**BRIEF:** Leave out every picture and set down, exactly, the lines below from the one holding "También se presumió" up to and including the one holding "3 Bedroom Apartment in Marbella - Photo 6".

**DATASET RECORDS:**
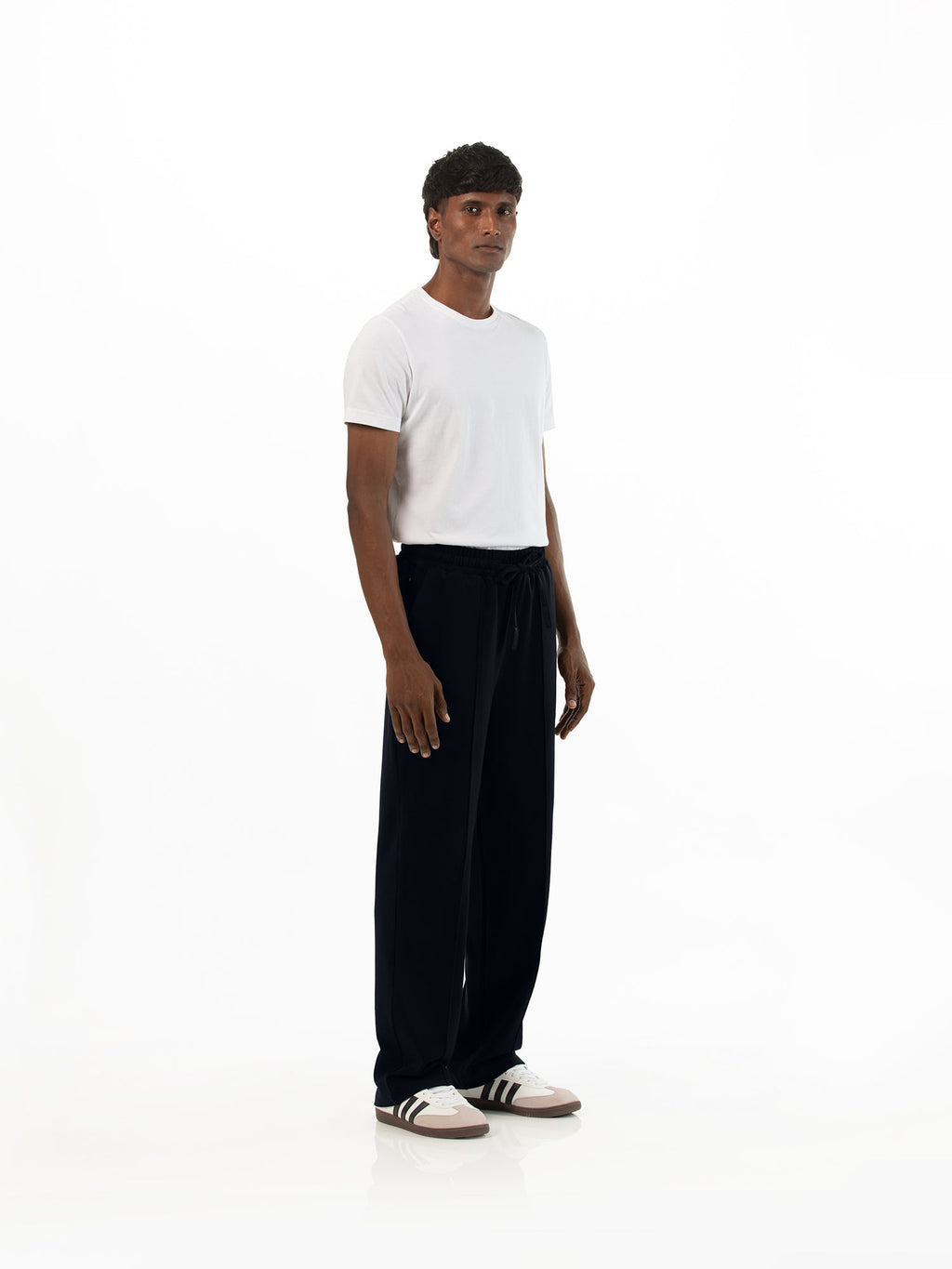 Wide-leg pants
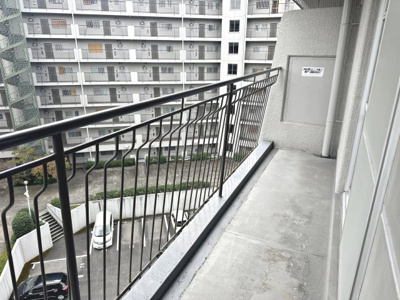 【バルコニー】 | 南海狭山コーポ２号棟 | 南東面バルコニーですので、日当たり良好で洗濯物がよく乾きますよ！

...

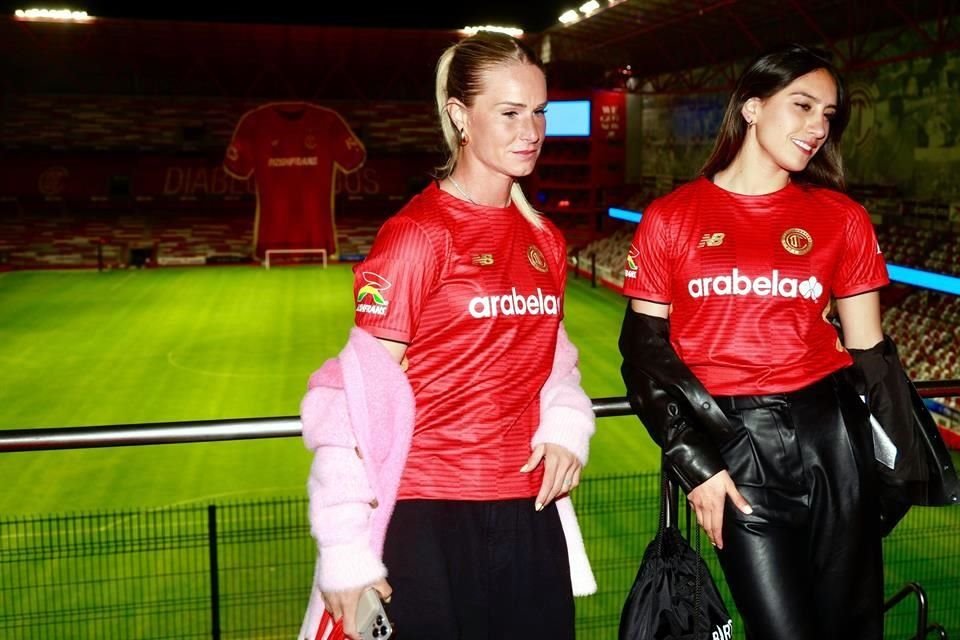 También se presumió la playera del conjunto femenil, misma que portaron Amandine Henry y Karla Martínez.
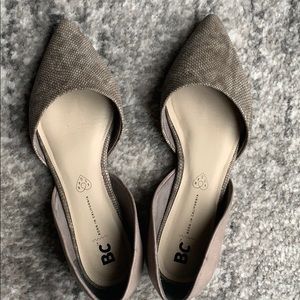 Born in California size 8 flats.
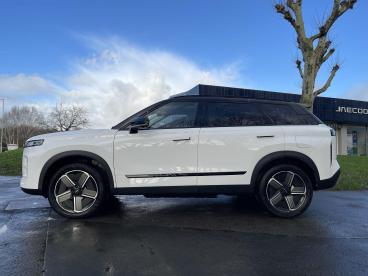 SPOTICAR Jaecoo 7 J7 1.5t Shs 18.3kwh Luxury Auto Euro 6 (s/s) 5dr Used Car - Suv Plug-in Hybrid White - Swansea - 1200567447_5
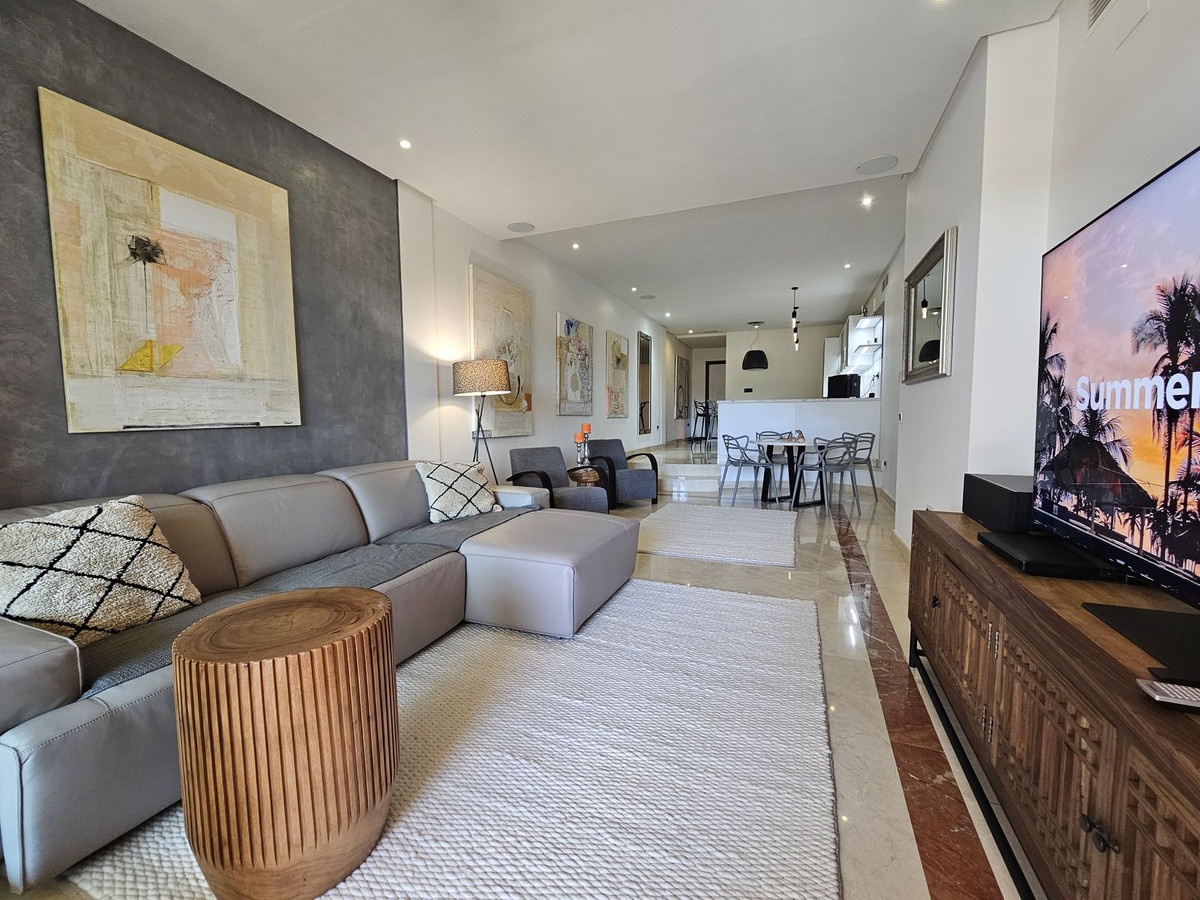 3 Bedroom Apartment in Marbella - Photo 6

**SOLUTION TO THE PROBLEM:**
 También se presumió la playera del conjunto femenil, misma que portaron Amandine Henry y Karla Martínez.
 Born in California size 8 flats.
 SPOTICAR Jaecoo 7 J7 1.5t Shs 18.3kwh Luxury Auto Euro 6 (s/s) 5dr Used Car - Suv Plug-in Hybrid White - Swansea - 1200567447_5
 3 Bedroom Apartment in Marbella - Photo 6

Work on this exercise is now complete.